_GIVEN INFORMATION:_
● ● ●
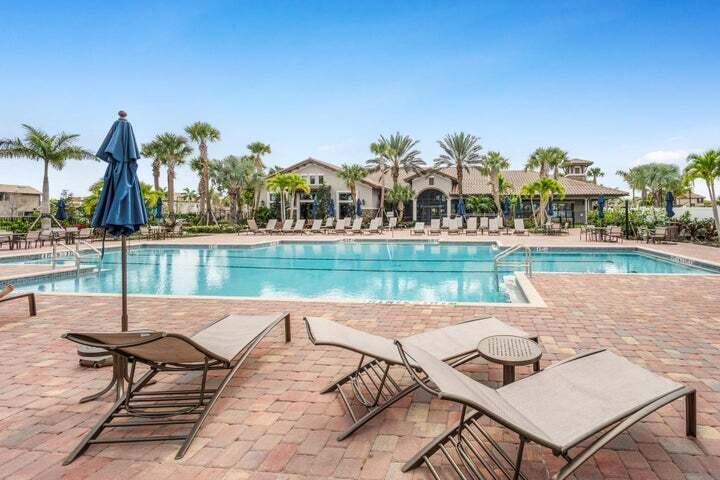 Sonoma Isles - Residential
● ● ●
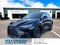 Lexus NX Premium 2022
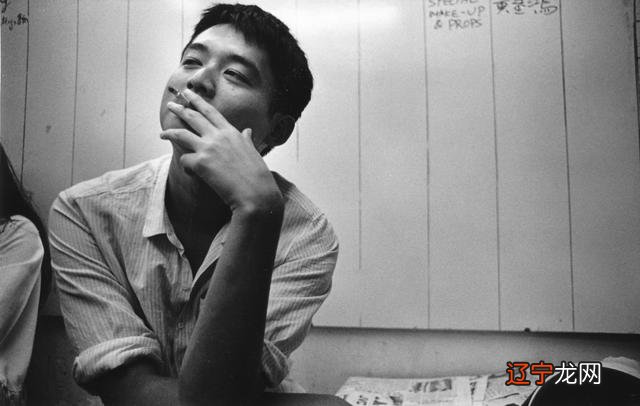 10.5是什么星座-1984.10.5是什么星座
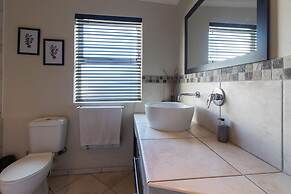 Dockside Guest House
● ● ●
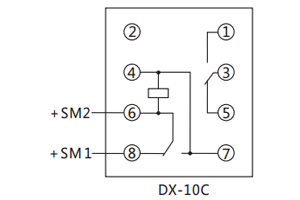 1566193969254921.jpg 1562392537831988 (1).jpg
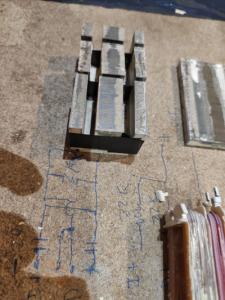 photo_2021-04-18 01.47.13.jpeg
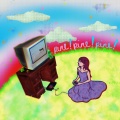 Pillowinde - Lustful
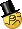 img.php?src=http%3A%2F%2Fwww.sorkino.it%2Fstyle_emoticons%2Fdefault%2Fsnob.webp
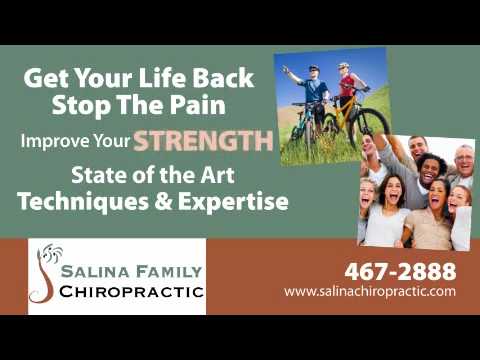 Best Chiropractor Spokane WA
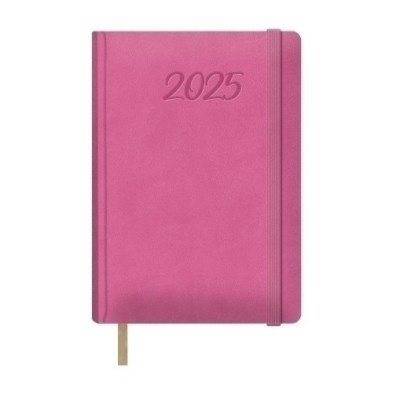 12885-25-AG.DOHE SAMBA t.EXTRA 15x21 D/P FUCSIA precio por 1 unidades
● ● ●
Start with the line with "photo_2021-04-18 01.47.13.jpeg" in the listing above and stop after the line with "12885-25-AG.DOHE SAMBA t.EXTRA". Write out exactly the lines in that stretch and no others, without pictures.

 photo_2021-04-18 01.47.13.jpeg
 Pillowinde - Lustful
 img.php?src=http%3A%2F%2Fwww.sorkino.it%2Fstyle_emoticons%2Fdefault%2Fsnob.webp
 Best Chiropractor Spokane WA
 12885-25-AG.DOHE SAMBA t.EXTRA 15x21 D/P FUCSIA precio por 1 unidades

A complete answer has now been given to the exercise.